IBTimes: Do you play with any other artists?
Arty: I don't know a lot of video gamers. The biggest game that everybody knows and plays from DJ society would be FIFA. It's just huge -- like, everybody is playing it. Especially the Dutch DJs and the Swedish guys. It's awesome to play against someone else; it's the best way to relax or to de-stress. Especially if you do the online tournaments, that's what I used to do as well. I went to rank one and that was just insanity. So I was playing this game and I was winning and I actually lost in the end so I dropped my Gamepad into the pool, I was so stressed out and I just left the Gamepad and the pool guy came and got it out. But that's what FIFA can do to you on that kind of level. That was pretty funny.
RIP Satoru Iwata :(
— Arty (@arty_music) July 13, 2015
IBTimes: You tweeted about Nintendo President and CEO Satoru Iwata's death?
Arty: Yeah, that was pretty sad. I got myself into Nintendo like five or 10 years ago. I got my first 3DS like two years ago, but I fell in love with it because it was just a completely different console and way different games. It's nothing about the graphics -- it's about how amazing gameplay can be when you don't really care about the graphics.

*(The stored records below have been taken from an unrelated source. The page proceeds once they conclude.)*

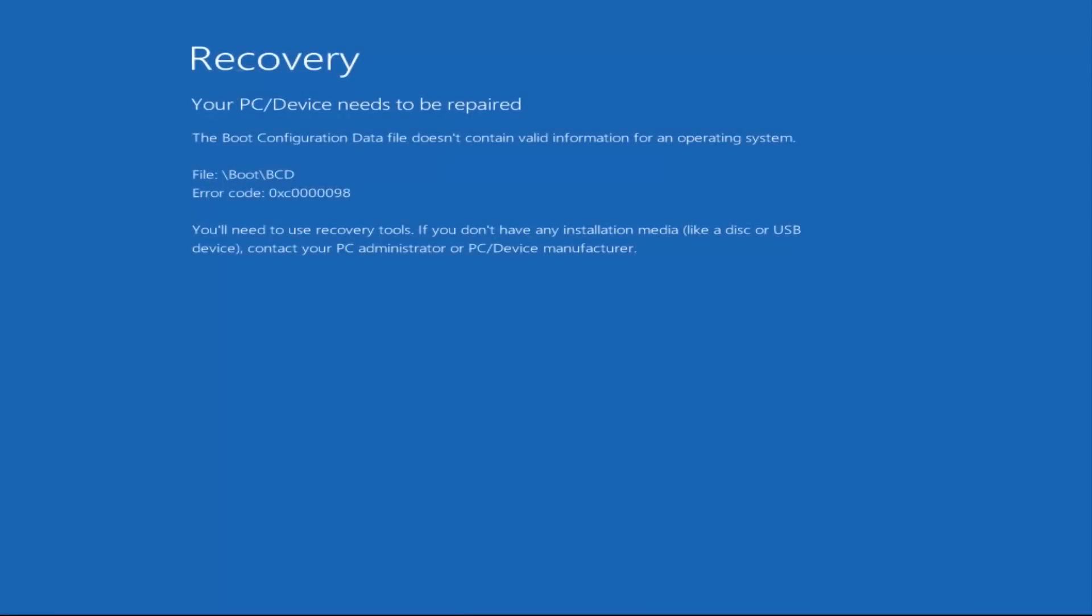So you can see here this is the error message on Windows 10 as well. As you can see it's the same error but it's a slightly different blue background. That's because it's a more modern operating system.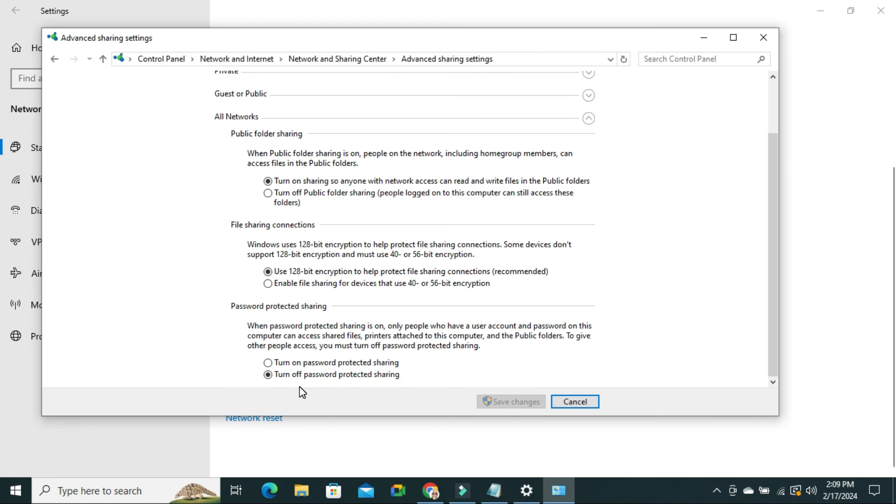Turn Off Password Protected Sharing is enabled right now. This is all for today. Hope this tutorial is helpful for you. Keep watching for next tutorial. Thank you very much.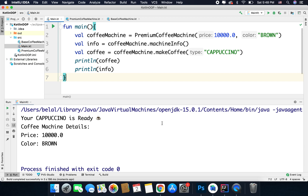You might ask when you should use an abstract class. Whenever you need to define a common set of rules for multiple classes, you can make a common abstract parent class and derive your child classes using this common base class.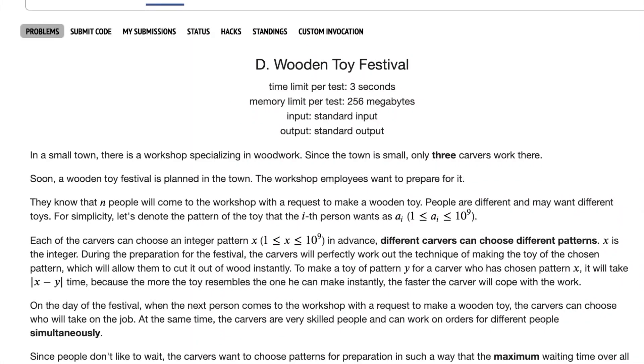We're going to solve code for this Round 878, Division 3, Problem D, Wooden Toy Festival.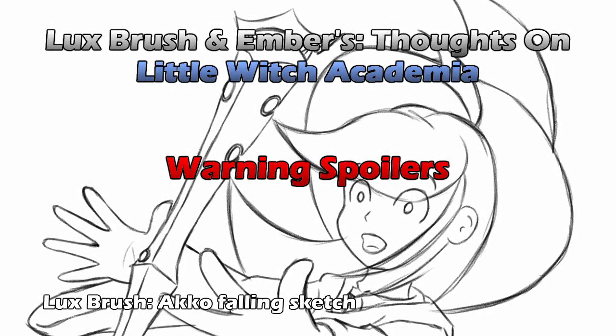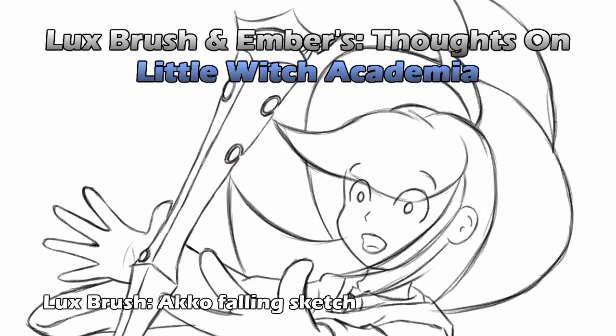Warning, warning, there are spoilers ahead. Please pause and click the link in the description to check out this short before we ruin it for you. Hello, I'm Lux. And I'm Ember. And this is our thoughts on Little Witch Academia.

It's more about the way it feels, family-ish.
Hey babe ❤️❤️ pic.twitter.com/ACdRJCX4mZ
— Arty (@arty_music) April 4, 2015
IBTimes: Do you rage when you play "LoL"?
Arty: I learned myself to stay pretty calm and focus on understanding the mechanics of the game, controlling the objectives. That's what I focus myself on. I'm not a huge flamer. I don't like to do that. That's not the way that you're supposed to play the competitive games. Except the Gamepad in the pool, that was a moment of rage for sure.
IBTimes: Does your gaming ever influence your music?
Yes! It's a huge influence because when you're playing the game, RPG or a new action, it can bring a lot of emotions. Like that moment that happened with Dragon Age Inquisition. So it's not like influence you straight away, it's just happening with time.
For example, now I'm a huge fan of sci-fi. Obviously when you're playing that type of game, it’s going to have artistic music. And when you listen to the music again and again and again because you're playing the game constantly, it's just going to be a huge inspiration to do something in that kind of style, and you're going to listen to more of that kind of music.